Robert Half Inc.
- Formerly: Robert Half International Inc.
- Type: Public company
- Traded as: NYSE: RHI; S&P 600 component;
- Industry: Employment agency, Professional services
- Founded: March 1948; 78 years ago in New York City
- Founders: Bob and Maxine Half
- Headquarters: Menlo Park, California, U.S.; San Ramon, California, U.S.;
- Number of locations: 315 (Robert Half) 89 (Protiviti)
- Area served: Worldwide
- Key people: Harold M. "Max" Messmer (Executive Chairman); M. Keith Waddell (President & CEO);
- Services: Employment agencies, recruitments, human resource consulting and outsourcing
- Revenue: US$5.38 billion (2025)
- Net income: US$133 million (2025)
- Number of employees: approx. 14,700 (including Protiviti) (December 2024)
- Subsidiaries: Protiviti
- Website: www.roberthalf.com

= Robert Half =

US-based global human resource consulting firm

Robert Half Inc. is an international human resource consulting firm founded in 1948, based in Menlo Park and San Ramon, California. It is among the world's largest accounting and finance staffing firms, with over 345 locations worldwide.

Through its Accountemps, Finance & Accounting, and Management Resources divisions, the company provides staff in the fields of accounting and finance. Other divisions include Robert Half Technology, providing software, application, IT infrastructure and operations professionals; Office Team, which specializes in administrative and customer service staffing; The Creative Group, which focuses on design, artistic, and creative talent; and Robert Half Legal, which provides staffing for legal professionals. In 2002, Robert Half founded a subsidiary, Protiviti Inc., a subsidiary, to provide internal audit, financial, operations, technology, governance, and risk consulting services.

==History==
Robert Half and his wife Maxine, founded the Robert Half Personnel Agency in New York City in 1948. He also created Accountemps, a company founded to supply temporary accountants.

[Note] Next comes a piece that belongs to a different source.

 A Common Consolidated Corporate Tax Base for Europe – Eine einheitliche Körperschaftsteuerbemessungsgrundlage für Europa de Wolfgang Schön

The firm went public in 1987, then expanded its operations into Europe in 1993. In addition to the Accountemps brand, the firm expanded to include specialty groups focusing on technology, legal and creative services personnel. In 1991, the company acquired The Affiliates, renaming it as Robert Half Legal.

Robert Half also provides independent risk consulting, internal audit and information technology consulting services via its Protiviti subsidiary, founded in 2002 with the acquisition of former employees of Arthur Andersen.

In 2003, the company bought back the last of the few remaining independent franchise operations.

In 2006, the company, through its subsidiary Protiviti Inc., acquired the assets of PG Lewis & Associates, a provider of data forensics and cybersecurity services founded in 2003. The financial terms were not disclosed.

In April 2022, Robert Half moved its legal consulting service line to Protiviti, allowing the subsidiary to expand its legal consulting practice.